Total No. of Positive tweets: 5000
Total No. of Negative tweets: 5000


In [47]:
## generate a train and test dataset with equal combination of pos and neg tweets
## in total 1000 words, dividing the list of tweets into 8000 train and 2000 test datasets.

train_pos = positive_tweets[:4000]
train_neg = negative_tweets[:4000]

test_pos = positive_tweets[4000:]
test_neg = negative_tweets[4000:]

# combining all of them together

train_data = train_pos + train_neg
test_data = test_pos + test_neg

print(f'Total number of data count train data: {len(train_data)} and test data : {len(test_data)}')

Total number of data count train data: 8000 and test data : 2000


In [48]:
# creating labels for the datasets
train_label = np.append(np.ones((len(train_pos),1)), np.zeros((len(train_neg),1)), axis=0)
test_label = np.append(np.ones((len(test_pos),1)), np.zeros((len(test_neg),1)), axis=0)

print(f'Shape of Train and Test labels : {train_label.shape} and {test_label.shape}')

Shape of Train and Test labels : (8000, 1) and (2000, 1)

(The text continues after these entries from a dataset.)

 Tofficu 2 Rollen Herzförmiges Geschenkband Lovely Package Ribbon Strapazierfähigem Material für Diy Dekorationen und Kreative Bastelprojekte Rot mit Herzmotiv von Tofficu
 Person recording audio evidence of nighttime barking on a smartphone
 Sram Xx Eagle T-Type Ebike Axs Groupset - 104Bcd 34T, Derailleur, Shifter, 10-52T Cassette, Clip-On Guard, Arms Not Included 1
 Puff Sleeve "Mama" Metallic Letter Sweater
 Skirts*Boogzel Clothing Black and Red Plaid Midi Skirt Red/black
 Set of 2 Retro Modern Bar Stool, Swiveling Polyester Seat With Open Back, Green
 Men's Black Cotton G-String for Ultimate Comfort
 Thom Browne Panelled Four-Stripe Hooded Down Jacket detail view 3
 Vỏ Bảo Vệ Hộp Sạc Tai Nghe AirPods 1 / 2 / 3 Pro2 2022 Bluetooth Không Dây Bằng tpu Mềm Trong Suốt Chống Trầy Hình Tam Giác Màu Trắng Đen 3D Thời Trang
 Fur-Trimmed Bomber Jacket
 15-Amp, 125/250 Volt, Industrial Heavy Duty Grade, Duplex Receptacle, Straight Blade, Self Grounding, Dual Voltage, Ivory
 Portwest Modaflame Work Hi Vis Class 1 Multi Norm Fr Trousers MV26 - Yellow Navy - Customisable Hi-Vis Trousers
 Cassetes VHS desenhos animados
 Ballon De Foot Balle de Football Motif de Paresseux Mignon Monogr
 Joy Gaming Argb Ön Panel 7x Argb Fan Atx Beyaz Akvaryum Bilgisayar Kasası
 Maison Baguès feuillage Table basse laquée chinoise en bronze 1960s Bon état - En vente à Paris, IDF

### Processing of the words to create word frequencies

In [49]:
from nltk.corpus import stopwords
from nltk.tokenize import TweetTokenizer
from nltk.stem import PorterStemmer
import re

def clean_tweet(tweet):
    '''
        clean the tweet to tokenise, remove stop words and stem the words
    '''
    stop_words = stopwords.words('english')
    #print(f'Total stop words in the vocab: {len(stop_words)}')
    
    stemmer = PorterStemmer()
    
    tweet = re.sub(r'#','',tweet) ## remove the # symbol
    tweet = re.sub(r'https?:\/\/.*[\r\n]*','',tweet) ## remove any hyperlinks
    tweet = re.sub(r'^RT[\s]+','',tweet) ## remove any Retweets (RT)
    
    tokenizer = TweetTokenizer(preserve_case=False, strip_handles=True, reduce_len=True)
    tweet_token = tokenizer.tokenize(tweet)
    
    tweet_cleaned = []
    
    for word in tweet_token:
        if word not in stop_words:
            stemmed_word = stemmer.stem(word)
            tweet_cleaned.append(stemmed_word)
            
    return tweet_cleaned
    

def build_tweet_frequency(tweets, label):
    '''
        Build a vocab of tweet word frequencies across corpus. 
        @input: Tweets - list of tweets
                label - Array of tweet sentiments
        @output: a dict of (word, label):frequency
    '''
    label_list = np.squeeze(label).tolist()
    
    freq = {}
    
    for t, l in zip(tweets, label_list):
        for word in clean_tweet(t):
            word_pair = (word,l)
            
            if word_pair in freq:
                freq[word_pair] +=1
            else:
                freq[word_pair] =1

    return freq

In [50]:
tweet_freq_vocab = build_tweet_frequency(train_data, train_label)

In [51]:
tweet_freq_vocab.get(('happi',1))

161

In [52]:
# testing some tweets
tweets = ['i am happy', 'i am tricked', 'i am sad', 'i am tired', 'i am tired']
tweets_y = [1,0,0,0,0]

build_tweet_frequency(tweets, tweets_y)

{('happi', 1): 1, ('trick', 0): 1, ('sad', 0): 1, ('tire', 0): 2}

### Implementing Naive Bayes Model

![bayes1](images/bayes1.png)

![naive bayes2](images/naivebayes2.png)

![logprior and loglikelihood](images/logprior_and_loglikelhood.png)

In [53]:
def naive_bayes_model(x,y,vocab):
    '''
        @input:
            - x: input a list of train data
            - y: input a list of labels
            - vocab: the frequency vocab
        @output:
            - loglikelihood: 
            - logprior
    '''
    
    logprior = 0
    loglikelihood = {}
    
    #total number of distinct words in the vocab. Remember words can be in both neg and pos
    V = len(set([items[0] for items in vocab])) 
    
    N_pos = N_neg = V_pos = V_neg = 0
    for pair in vocab.keys():
        if pair[1] > 0:
            V_pos += 1 # increment the count of unique positive words by 1
            N_pos += vocab[pair] # Increment the number of positive words by the count for this (word, label) pair
            
        else:    
            V_neg += 1 # increment the count of unique negative words by 1
            N_neg += vocab[pair] # increment the number of negative words by the count for this (word,label) pair
    
    # the number of documents
    D = len(y)
    
    
    
    

In [54]:
len(tweet_freq_vocab)

11406

In [55]:
len(set([items[0] for items in tweet_freq_vocab]))

9120